P.S。折线图需要分开以便更好地可视化。

Answer 1

如果你想使用 matplotlib 将所有图形合并到同一个输出中，你可以使用子图，我不知道它是否是你想要的。

import matplotlib.pyplot as plt
import numpy as np

y1 = np.random.randn(200) - 1
y2 = np.random.randn(200)
y3 = np.random.randn(200) + 1
x = np.linspace(0, 1, 200)

def scatter_plot(ax,x,y):
    ax.scatter(x,y)
    ax.locator_params(nbins=3)
    ax.set_xlabel('x-label')
    ax.set_ylabel('y-label')
    ax.set_title('Title')

def box_plot(ax,y):
    ax.boxplot(y)
    ax.locator_params(nbins=3)
    ax.set_xlabel('x-label')
    ax.set_ylabel('y-label')
    ax.set_title('Title')

def hist_plot(ax,y):
    ax.hist(y)
    ax.locator_params(nbins=3)
    ax.set_xlabel('x-label')
    ax.set_ylabel('y-label')
    ax.set_title('Title')

fig, ((ax1, ax2), (ax3, ax4), (ax5,ax6)) = plt.subplots(nrows=3, ncols=2)
scatter_plot(ax1,x,y1)
scatter_plot(ax2,x,y2)
scatter_plot(ax3,x,y3)
hist_plot(ax4,y1)
plt.tight_layout()
plt.show()

剧情：

Answer 2

评论中对话后的第二次尝试。

以下是我能做的最好的。这是一种方法，我在您的示例代码中构建一个 ff.create_distplot，然后“窃取”数据并将其用于 go.Histogram、go.Scatter 和 go.Box 对象的组合模拟前者的分布图和地毯图。

剧情：

代码：

import plotly.graph_objects as go
from plotly.subplots import make_subplots
import plotly.figure_factory as ff
import numpy as np
import pandas as pd

# data
y1 = np.random.randn(200) - 1
y2 = np.random.randn(200)
y3 = np.random.randn(200) + 1
x = np.linspace(0, 1, 200)

# subplot setupt
fig = make_subplots(
    rows=3, cols=2
)

# Line [1,1]
fig.add_trace(go.Scatter(x = x, 
                        y = y1,
                        hoverinfo = 'x+y',
                        mode='lines',
                        line=dict(color='rgb(0, 0, 0)',width=1),
                        showlegend=False,
                        name = 'series 1'
                        ),
             row=1, col=1
)

# Line [2,1]
fig.add_trace(
    go.Scatter(x = x, 
                y = y2,
                hoverinfo = 'x+y',
                mode='lines',
                line=dict(color='rgb(246, 52, 16)',
                width=1),
                showlegend=False,
                ),
    row=2, col=1
)

# Line [2,1]
fig.add_trace(
    go.Scatter(x = x, 
                y = y3,
                hoverinfo = 'x+y',
                mode='lines',
                line=dict(color='rgb(16, 154, 246)',
                width=1),
                showlegend=False,
                ),
    row=3, col=1
)

fig.update_layout(showlegend=False)

# box plots [1,1]
fig.add_trace(go.Box(x=y3, marker_color='rgb(16, 154, 246)'),
    row=1, col=2
)

fig.add_trace(go.Box(x=y2, marker_color='rgb(246, 52, 16)'),
    row=1, col=2
)

fig.add_trace(go.Box(x=y1, marker_color='rgb(0, 0, 0)'),
    row=1, col=2
)

# density plots [2,2]
hist_data = [y1, y2, y3]
group_labels = ['Group 1', 'Group 2', 'Group 3']

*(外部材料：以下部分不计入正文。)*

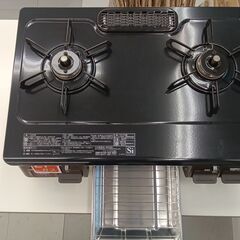 ★リユースのサカイ千葉中央店★期間限定割引有 Paloma ガステーブル LPガス専用 24年製 動作確認／クリーニング済み TC3839の画像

# fig 2 is only there to produce the numbers to fill
# in later go.Histogram and go.Scatter
fig2 = ff.create_distplot(hist_data, group_labels)

fig.add_trace(go.Histogram(fig2['data'][0],
                           marker_color='rgb(0, 0, 0)',
                           showlegend=False
                          ), row=2, col=2)

fig.add_trace(go.Histogram(fig2['data'][1],
                           marker_color='rgb(246, 52, 16)'
                          ), row=2, col=2)

fig.add_trace(go.Histogram(fig2['data'][2],
                           marker_color='rgb(16, 154, 246)'
                          ), row=2, col=2)

fig.add_trace(go.Scatter(fig2['data'][3],
                         line=dict(color='rgb(0, 0, 0)', width=0.5)
                        ), row=2, col=2)

fig.add_trace(go.Scatter(fig2['data'][4],
                         line=dict(color='rgb(246, 52, 16)', width=0.5)
                        ), row=2, col=2)

fig.add_trace(go.Scatter(fig2['data'][5],
                         line=dict(color='rgb(16, 154, 246)', width=0.5)
                        ), row=2, col=2)

# sorry excuse for a rugplot [3,2]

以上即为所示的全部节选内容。